Whilst the original Classic still remains on the market in Europe (and is also now re-branded as a Masterbuilt), the Classic Kamado Joe grill has spawned two premium priced siblings named the Classic II and Classic III.

There are two significant changes over the regular Kamado Joe grill and the first of these is a move away from the cast iron daisy wheel to an aluminium rain cap which they call the Kontrol Tower.

Kamado Joe Rain Cap

The argument is that the old daisy wheel could move when you open the lid so affecting air flow and certainly I found that I could lift the lid a number of times and the aperture didn't change.

The next point is that the new Kontrol Tower prevents vertical rain droping into the food chamber. This proved more difiicult to test because we don't get much vertical rain where I live. That said my tests did highlight moisture droplets condensing on the underside of the cap and dripping back down leaving black tarry deposits on my food... and this happens whatever the weather.  

The second innovation is an air hinge for the mid sized Classic and larger Big Joe. In theory you can leave the lid open at any number of positions which looks, feels and sounds great when you first experience it but (particularly with the Classic) I was left wondering whether it was a bit of a gimmick because whenever I use a ceramic grill it's either with the lid fully open or fully closed.
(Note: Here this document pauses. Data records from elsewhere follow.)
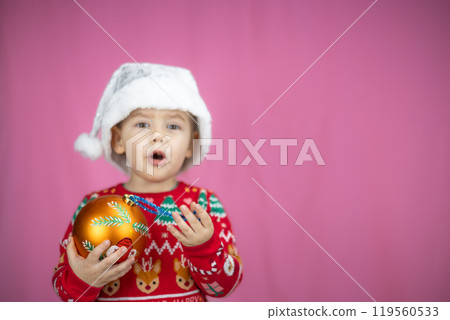Cute child in a festive sweater and Santa hat holds a Christmas decoration on a pink background. The child is happy about the New Year and Christmas. Suitable for holiday projects. 119560533
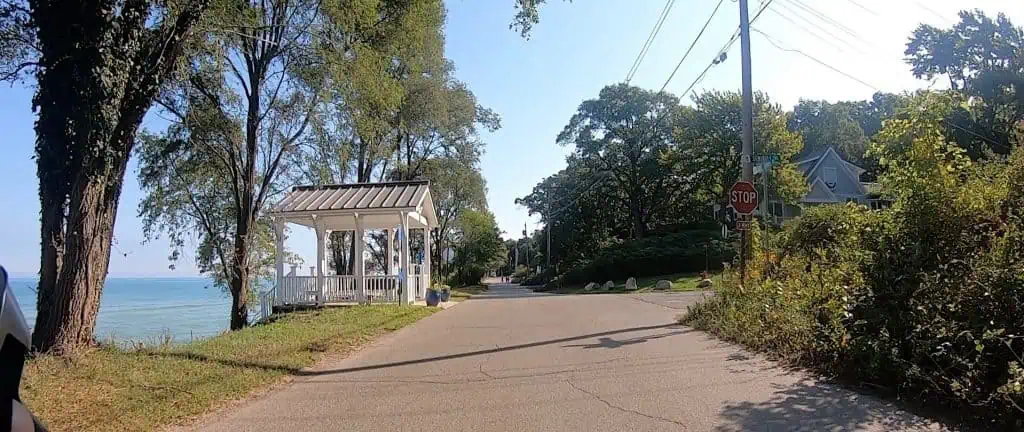A view down a road with a tall tree, a shelter and a big blue lake on the left, with an intersection and trees ahead on the right.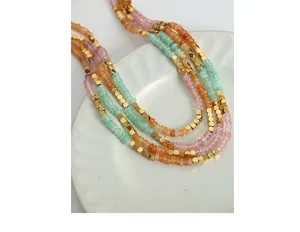 Detail of handmade beaded necklace with amazonite crystal beads and golden metal spacers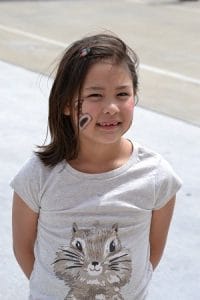 Katy Honda, daughter of UAMS' Jennifer Honda, pauses in the festivities to smile for the camera.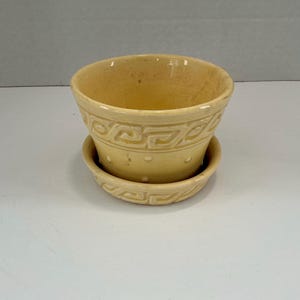 May include: A light yellow ceramic planter with a matching saucer. The planter has a rounded shape with a decorative geometric pattern around the rim and a series of small holes. The saucer has a similar design.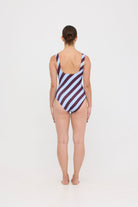 Model wearing the dusty blue and plum rising stripe HUZZAH Cat one-piece swimsuit with sculpting fit and clean lines, photographed against a plain background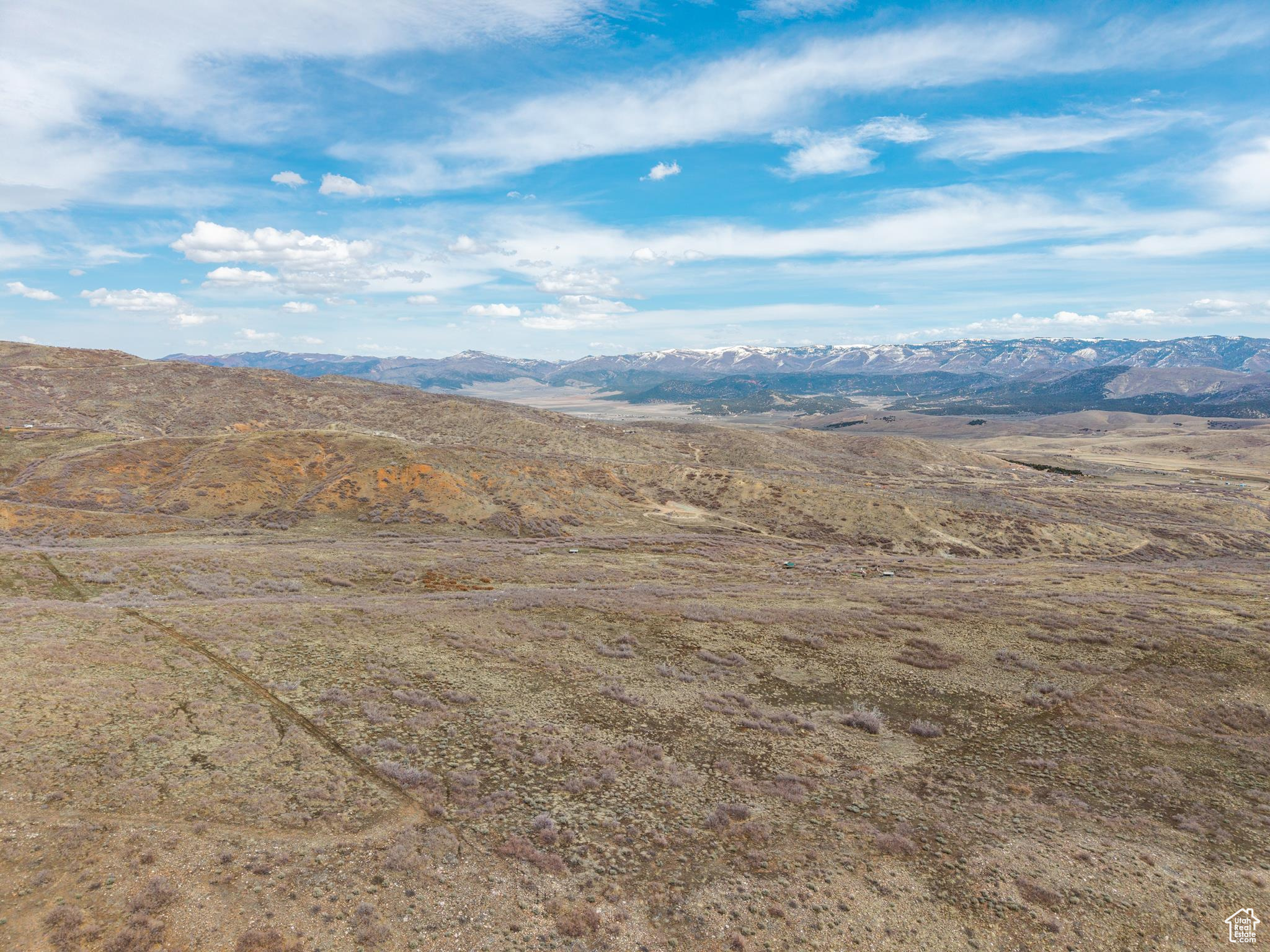 Looking for a property that you could hunt from? This property backs BLM land and to mention the size of this lot. 42.32 acres that has year round access. In good snow years you would need snow vehicles to get to the property. There is an easement that will take you back to the property which has a gate and is pictured in listing.  Call division of water rights to find out if there is water available for this area. This property comes as-is, no water rights included in the sale. This property was part of a wildfire years ago. All information provided is a curtesy and needs to be verified by buyer and buyers agent.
That said, I can see how it eases the lifting of the Big Joe lid but even spring hinge on the Big Joe is as light as a feather compared to the Primo Ceramic Grill where lifting the lid is close on a full upper body workout.

The Kamado Joe air hinge however takes a different mechanical approach which I think adds unnecessary complexity...

Kamado Joe Counterbalance Hinge

Because the air hinge takes little effort to lift and close, it doesn't have the weight of the lid behind it to create the necessary air seal between the lid and the base.

Kamado Joe have effectively reversed the mechanics by making the gasket thicker and giving it a more spongy texture.

You then seal the lid by pushing down and snapping a catch at the front of the kamado. It all sounds fine but I found an immediate problem.

The new thicker spongy gasket didn't have enough "give" in it and I couldn't close the front catch so I couldn't create an effective air seal between the base and the lid.

If this had been a real fire situation then I wouldn't have temperature control of because I wouldn't have achieved that all important air seal.

Kamado Joe Front Catch

One last point to make is that you can't use the catch when using the rotisserie so you can't actually create a seal at all.

Note: Upon testing two Classic II Kamado Joe grills recently I found that the lid didn't stay in position on the first. Whilst annoying, it's a reasonably simple fix by opening the lid and looking at the hinge from inside. You'll see a screw thread centrally located and you just need to turn the nut to the right to give the hinge more tension. My understanding from other users is that this adjustment needs to be made on a reasonably regular basis.

Kamado Joe Counterbalance Hinge And New Gasket

The second Kamado Joe grill that I inspected suffered from the exact same problem that I mentioned earlier... which is worrying.

To be honest I think that Kamado Joe have solved a problem that doesn't exist but 10 out of 10 for marketing. 

Gasket

I remember when I bought my first ceramic grill (a Big Green Egg) that I replaced the gasket evey couple of years - no big deal but as you'll see in this article but clearly there is a replacement cost. So when I first saw the new gasket on the Kamado Joe grill I thought that this replacement cost had been minimised (by increased durability) or maybe even eliminated altogether.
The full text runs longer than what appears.